"Mr. Jebb, member for Callan in the Irish Parliament, thus speaks of the advance of the country in prosperity, in a pamphlet published in 1798:
"'In the course of fifteen years, our commerce, our agriculture, and our manufactures, have swelled to an amount that the most sanguine friends of Ireland would not have dared to prognosticate.'
"The bankers of Dublin, tolerably competent witnesses, held a meeting on the 18th of December, 1798, at which they resolved, 'that, since the renunciation of Great Britain, in 1782, to legislate for Ireland, the commerce and prosperity of this kingdom have eminently increased.'
"The Dublin Guild of Merchants did the same on the 14th of
January, 1797."
But this testimony and that of others whom we could quote was the testimony of men opposed to the "Union." Let us look at a few admissions made by the supporters of that measure:
"First comes its author, Mr. Pitt, who, in his speech in the English House of Commons, January 31, 1799, having alluded to the prosperous condition of Irish commerce in 1785, goes on to say: 'But how stands the case now? The trade is at this time infinitely more advantageous to Ireland.'
"Lord Clare, one of Mr. Pitt's chief instruments in effecting the Union, published, in 1798, a pamphlet containing, as quoted by Grattan, the following account of Irish progress subsequently to 1782: 'There is not a nation on the habitable globe which has advanced in cultivation and commerce, in agriculture and manufactures, with the same rapidity in the same period.'
"Finally, Mr. Secretary Coke, in a Unionist pamphlet, said at that time: 'We have had the experience of these twenty years; for it is universally admitted that no country in the world ever made such rapid advances as Ireland has done in these respects.'"

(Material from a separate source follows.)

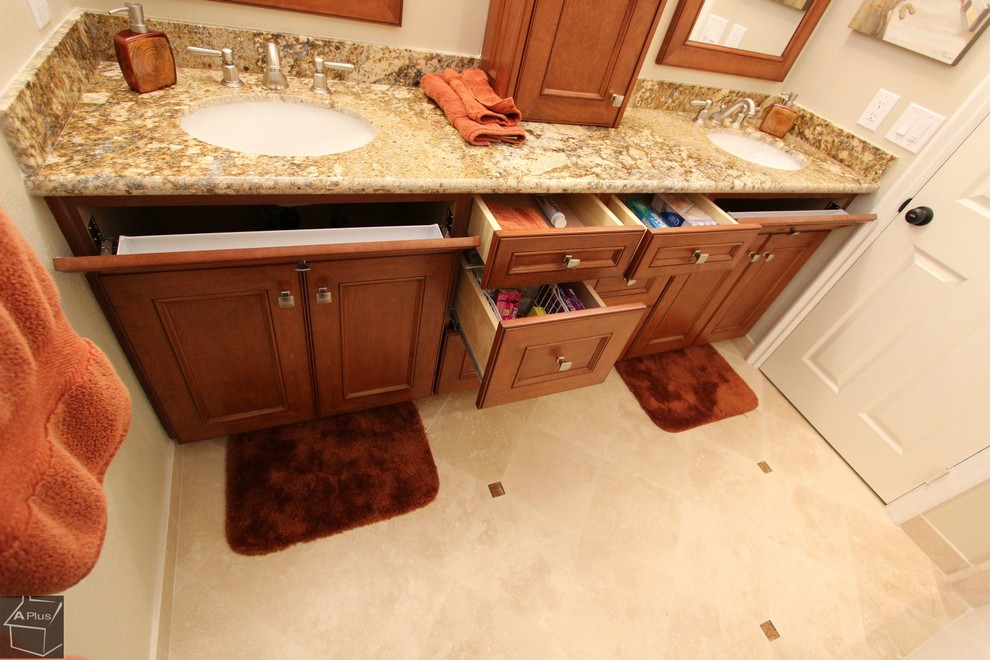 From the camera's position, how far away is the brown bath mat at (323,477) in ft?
4.06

All this was undoubtedly true; and it is not our intention to admire what was called the Union, nor to advocate it. Those of the various writers cited, who spoke so dogmatically in the above passages, had in their minds only material and external prosperity, and that even of only one class of citizens. Those who wish well to Ireland cannot be satisfied with this.
Not a single name of the favorers or opposers of the Union, here quoted as witnesses, is Celtic. It would be interesting to know what the Celts of the island, that is, the greater part of its inhabitants, thought at the time, not of the Union, but of their own Parliament, and how much of this great material prosperity fell to their portion.